** GOAL OF THE EXERCISE **
Starting at the line that contains "IMG-20261006-WA0018" and stopping at the line that contains "PIPE CHACOM OPÉRA 524 VIOLET", transcribe every line of the material below exactly; pictures stay out.

** DATASET **
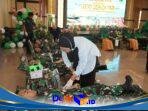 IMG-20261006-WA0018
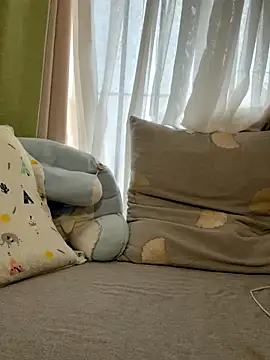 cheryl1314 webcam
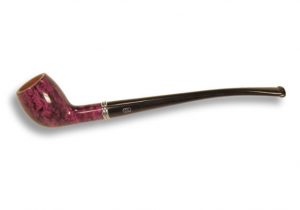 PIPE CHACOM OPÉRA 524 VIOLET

...

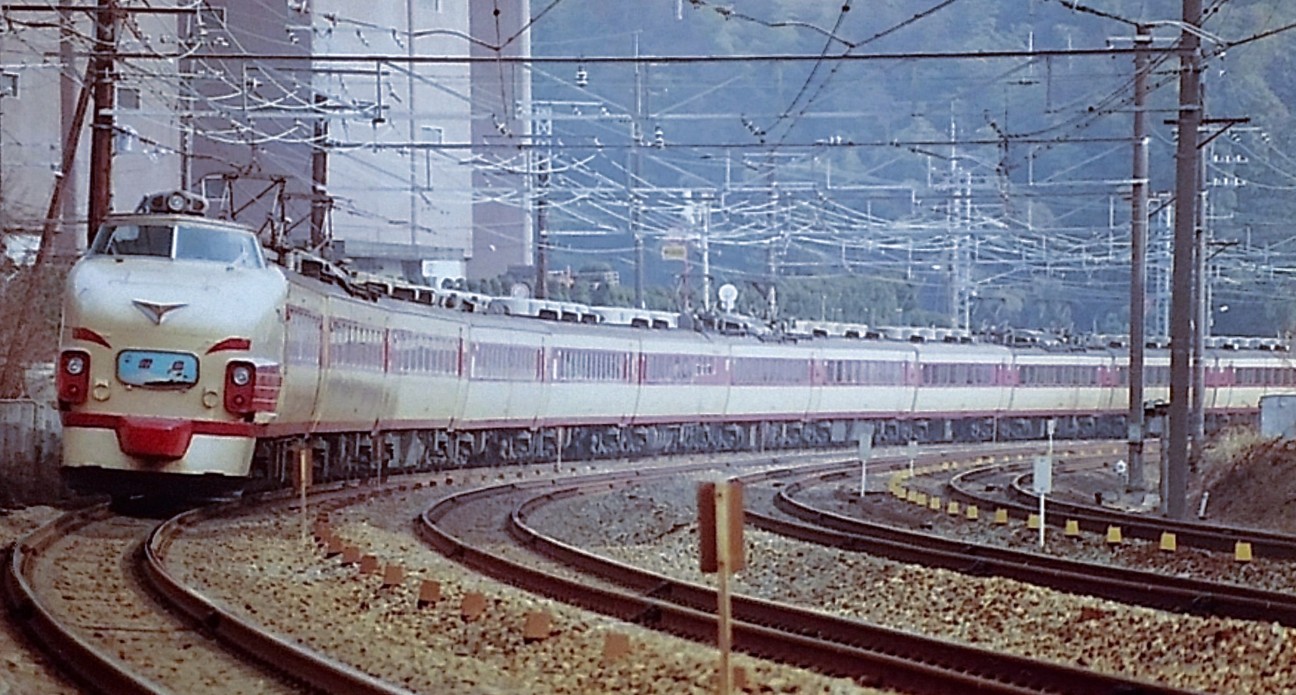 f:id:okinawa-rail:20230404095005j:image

** OUTPUT FOR THIS EXERCISE **
 IMG-20261006-WA0018
 cheryl1314 webcam
 PIPE CHACOM OPÉRA 524 VIOLET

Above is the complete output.